■ **Instructions to follow**: Take the lines from the one with "Bandwidth for this" through the last line of the material below and write them out exactly, without any pictures.

════

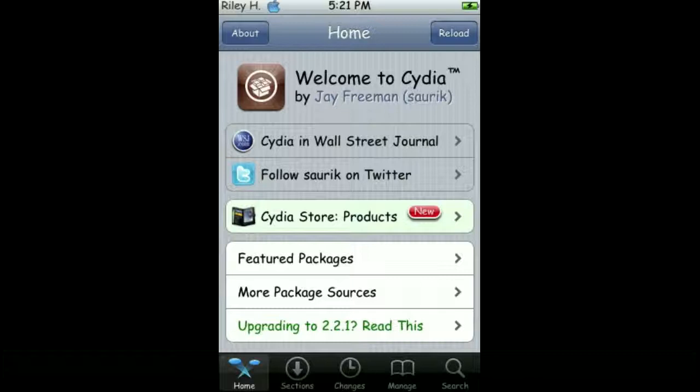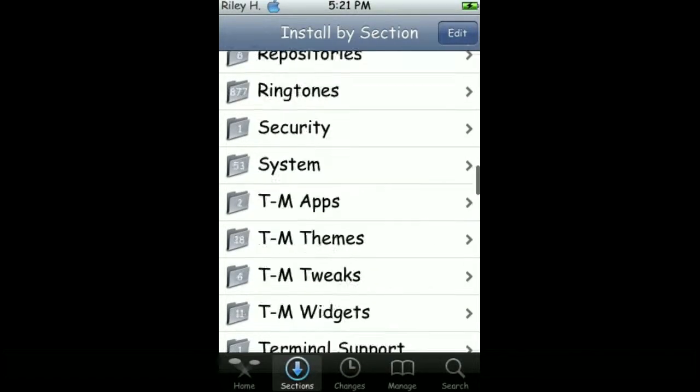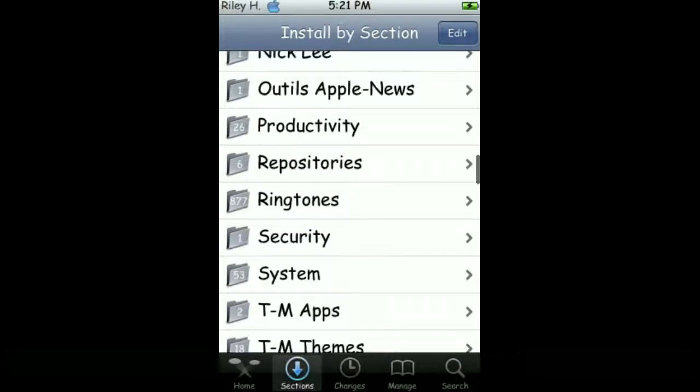After that, you go to Use Sections, and you scroll down to Repositories, right here.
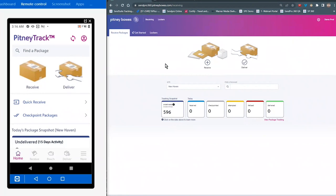Hello, and welcome to our presentation and demonstration of PitneyTrack Inbound by PitneyBowes. In this video, we are going to cover the receiving workflow, deliver features, how to edit a package, and how to generate a report.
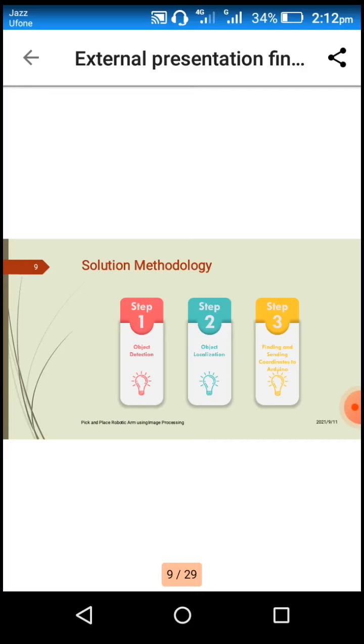In order to detect and localize the object which is to be picked up and placed on the desired location, we are using the HSV color filtering, in which colors are identified based on hue, saturation, and value. In order to identify the desired object, we are using the higher and low ranges to identify that particular color object only.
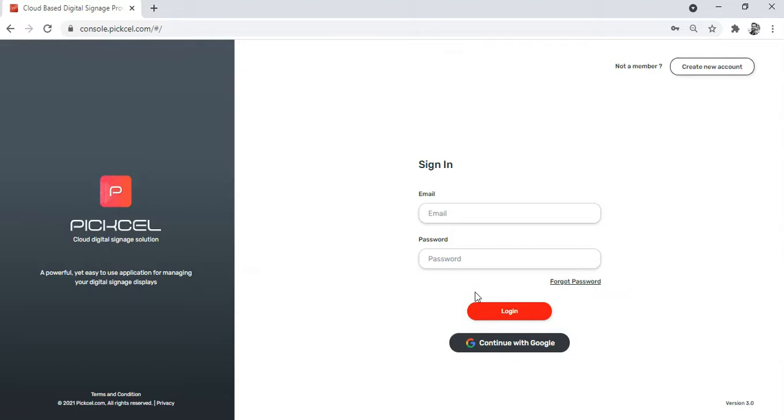Hello there, welcome to Pixel Learning Hub. My name is Aria and I am a Pixel product specialist. In today's session, I will be showing you how to add different apps and how they play out on your screen.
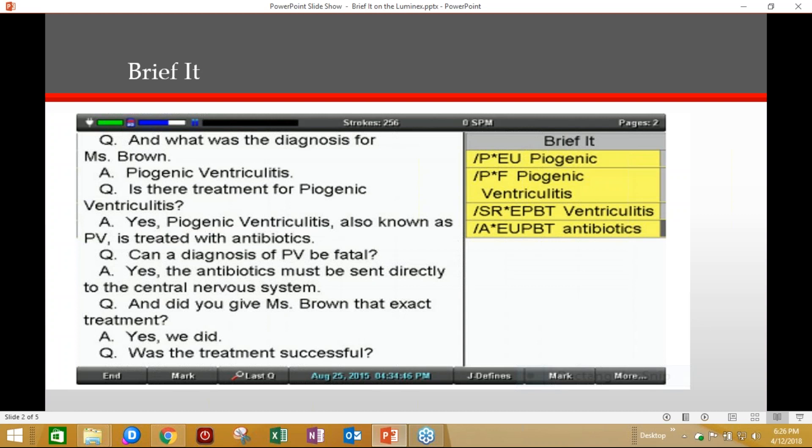If you use BriefIt on the Luminex and on your CAT system, the suggested briefs may not match. Therefore, Stenograph recommends against using the Luminex BriefIt feature during real-time.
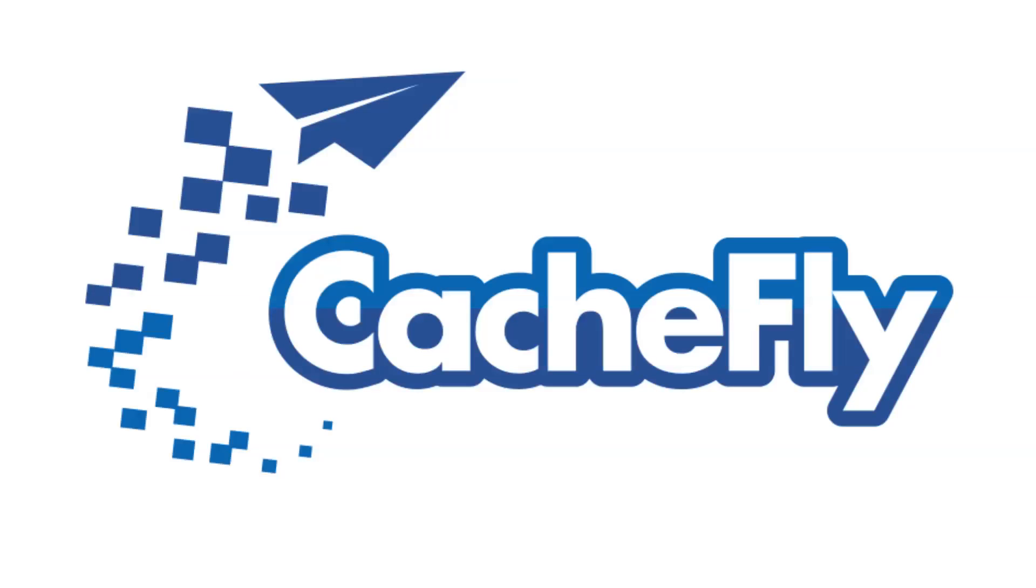Bandwidth for this podcast is brought to you by CashFly at C-A-C-H-E-F-L-Y dot com.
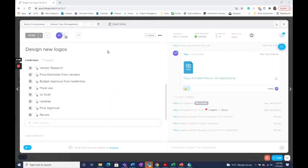ClickUp has now released the ability to have tasks and subtasks in multiple lists. This is perfect if you find yourself duplicating the same task or moving tasks between lists in attempt to keep everything in sync.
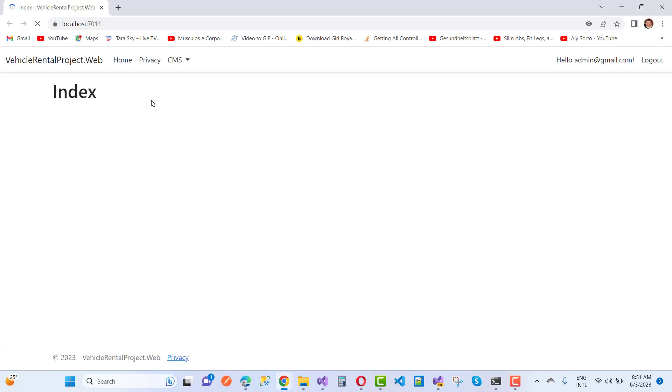Here you can see when we click on that item, the dropdown items are not visible. Only the hash is visible.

════

■ **Response to this exercise**:
Bandwidth for this podcast is brought to you by CashFly at C-A-C-H-E-F-L-Y dot com.
ClickUp has now released the ability to have tasks and subtasks in multiple lists. This is perfect if you find yourself duplicating the same task or moving tasks between lists in attempt to keep everything in sync.
Here you can see when we click on that item, the dropdown items are not visible. Only the hash is visible.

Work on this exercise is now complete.